I can imagine what it must have been like when Roberta Flack stepped onto the scene, a breath of fresh air unlike no other. Like so many other greats I've written about on this blog, she seemed to defy categorization. She was kind of a cross between Aretha Franklin, Joni Mitchell, Barbara Lewis, Nancy Wilson, and Nina Simone. She fit perfectly within the aesthetic of the singer-songwriter and yet she recorded mostly compositions written by others. Perhaps it was her individualized interpretations of those songs that made them seem like they were her own.
Take for example my selection of the day. Flack's minimalist version of a song made famous by Little Willie John as a bold power ballad. She has stripped it down to pure sentiment. It's a quiet late night conversation between forbidden lovers, rather than the declaration from a mountaintop given by Little Willie (I love both versions btw).
Roberta Flack's massive crossover success opened new roads for soul music, roads that were softer and quieter. The pathway to the music of someone like Sade seems like a straight line from "Killing Me Softly". She certainly made a lasting impact.
On another note, when I listen to this song I can't help but reflect on how much has changed for gay people in the past 20 years. Just two decades ago I was playing various versions of "Let Them Talk" on my radio show, using it as a veiled message song, a comment on gay love as an act of defiance in a less-than-tolerant world. No one had "come out" on tv yet. Society at large was happy to have us hide in the shadows.
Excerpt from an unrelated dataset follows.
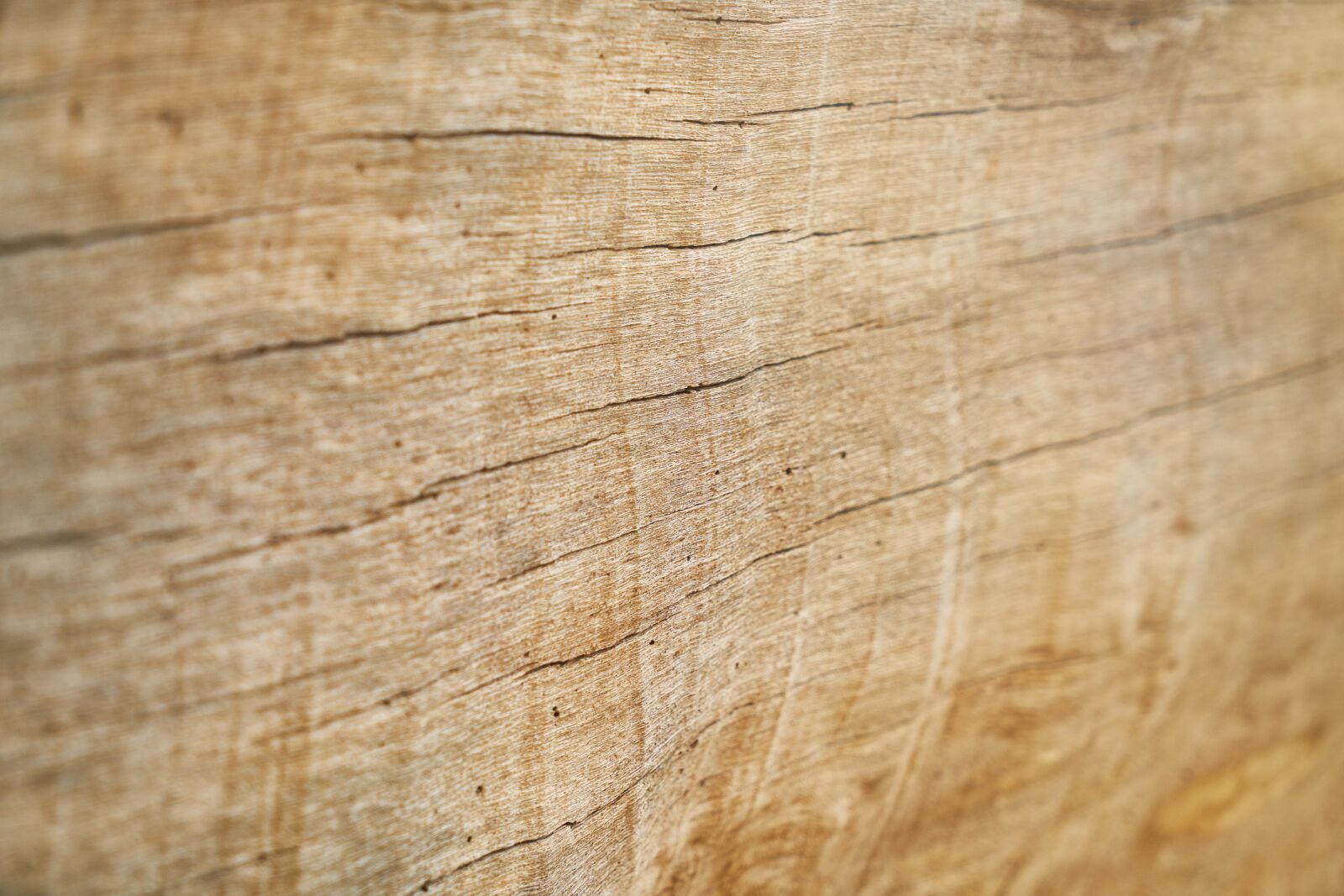 Sony a7R II sample photo. Wood, wood-fibre boards, timber photography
These days the concept of "forbidden love" almost seems like a faded memory. But, of course there are still a lot of dangerous homophobes out there. There are still tv hosts who think we won all of our rights "too quickly". There is a still a judge in Alabama taking a stand against equality like a new George Wallace. There are still so many battles to fight for trans people. We still have a long way to go. But I sure am happy to feel free to come out from the shadows most of the time.
Happy Birthday Roberta Flack and thank you for your delicate version of this gay anthem. A quiet fire indeed.